DESCRIPTION (provided by applicant): We have developed an innovative method to record taste-evoked activity in gustatory afferent neurons with good cellular and temporal resolution. The method uses confocal functional calcium imaging and transgenic mice that express GCaMP3 in sensory neurons. By carefully exposing geniculate ganglia in living, anesthetized GCaMP3-mice and applying taste stimuli to the oral cavity, we can now record robust and reliable responses to discern the principles behind the transmission of gustatory evoked signals from taste buds to the hindbrain. These data will considerably extend single unit electrical recordings from the chorda tympani and greater superficial petrosal nerves or from geniculate ganglion cells. We are able to recording simultaneously from large ensembles of neurons. We have also designed a powerful strategy to relate the functional response profiles of individual geniculate ganglion neurons to their patterns of gene expression and establish robust molecular markers for separate functional classes of neurons. In a concerted effort from two well-established laboratories, we now propose a multi-PI project to exploit this novel preparation and to answer key questions regarding taste. Our new approach will tremendously expand our knowledge of peripheral sensory processing in taste. Our preliminary data demonstrate the feasibility of all 4 tightly-focused Specific Aims: Aim 1: How do gustatory sensory afferent cells respond to sweet, salty, bitter, sour, umami tastes and fats? Aim 2: Do mixtures of taste stimuli enhance responses from gustatory sensory afferent neurons? Aim 3: Do ganglion neurons that express certain transmitter receptors innervate specific taste cells? Aim 4: Are there dedicated neurons that detect each taste stimulus, and if so, can specific molecular markers be identified that associate with gustatory afferent neuron responses for each taste quality?

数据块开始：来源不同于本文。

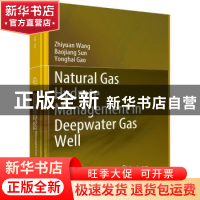正版 深水气井天然气水合物防治理论与技术研究(英文版) 王志远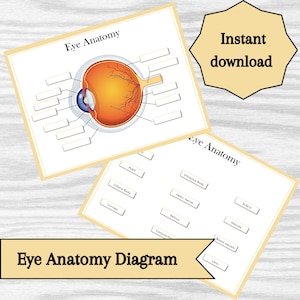 Eye Anatomy Diagram – Educational Printable Learning Resource (Instant Download)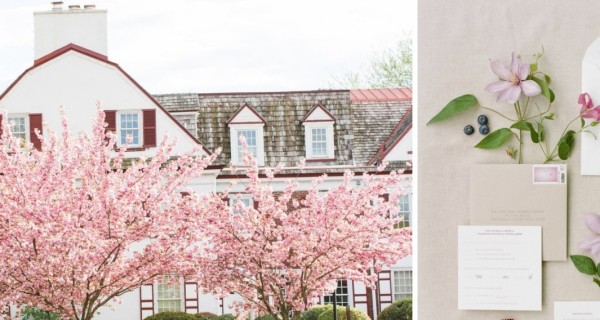 Свадебная палитра: розовый вишневый цвет, светло-пурпурный, марсала, миндальный и весенний зеленый + бесплатный макет свадебной полиграфии от студии MY LOVE Свадебная палитра: розовый вишневый цвет, светло-пурпурный, марсала, миндальный и весенний зеленый + бесплатный макет свадебной полиграфии от студии MY LOVE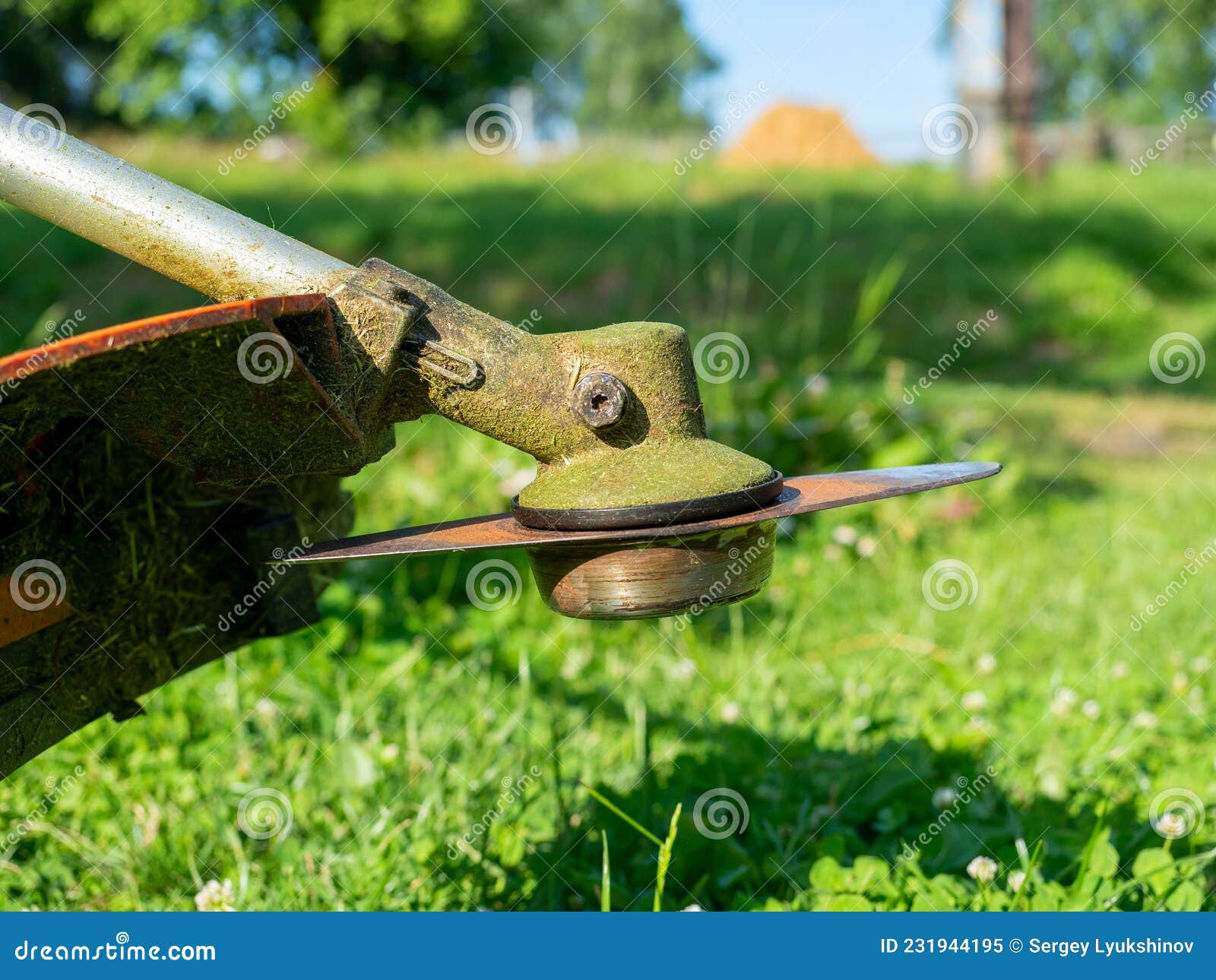 125 Hair Clipper Maintenance Stock Photos - Free & Royalty-Free Stock  Photos from Dreamstime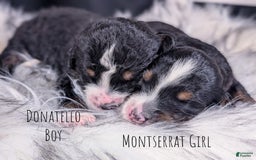 Mini Bernedoodle dogs for sale: Montserrat - Image 4
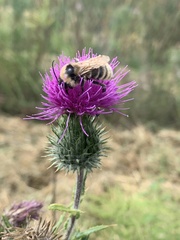 Bombus fervidus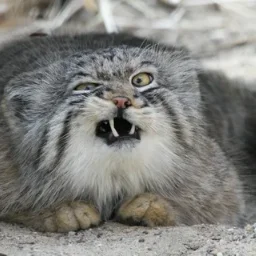 ironcat93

描述（由申请人提供）：我们开发了一种创新的方法来记录具有良好细胞和时间分辨率的味觉传入神经元中的味觉引起的活动。该方法使用在感觉神经元中表达GCAMP3的共聚焦功能钙成像和转基因小鼠。通过仔细暴露在生活中的统一神经节，麻醉的GCAMP3小鼠并将口味刺激施加到口腔中，我们现在可以记录强大而可靠的响应，以辨别味觉诱发信号从味蕾传播到后脑的原理。这些数据将大大扩展来自Chorda Tympani和更大的浅表性质神经或Genication Ganglion细胞的单个单位电记录。我们能够同时记录大型神经元的集合。我们还设计了一种强大的策略，以将单个基因神经神经元的功能响应谱与它们的基因表达模式相关联，并为单独的神经元功能类别建立强大的分子标记。在两个完善的实验室的一致努力中，我们现在提出了一个多PI的项目，以利用这项小说的准备并回答有关口味的关键问题。我们的新方法将极大地扩展我们对口味外周感官处理的了解。我们的初步数据证明了所有4种紧密中心的特定目的的可行性：AIM 1：味觉感觉传入细胞如何应对甜，咸，苦，酸，酸，鲜味和脂肪的味道和脂肪？目标2：味觉刺激的混合物是否可以增强味觉传入神经元的反应？目标3：表达某些发射器受体的神经神经元是否支配特定的味觉细胞？ AIM 4：是否有专门的神经元检测到每种味道刺激，如果是，是否可以确定特定的分子标记物可以与每种味道质量相关的味觉传递神经元反应？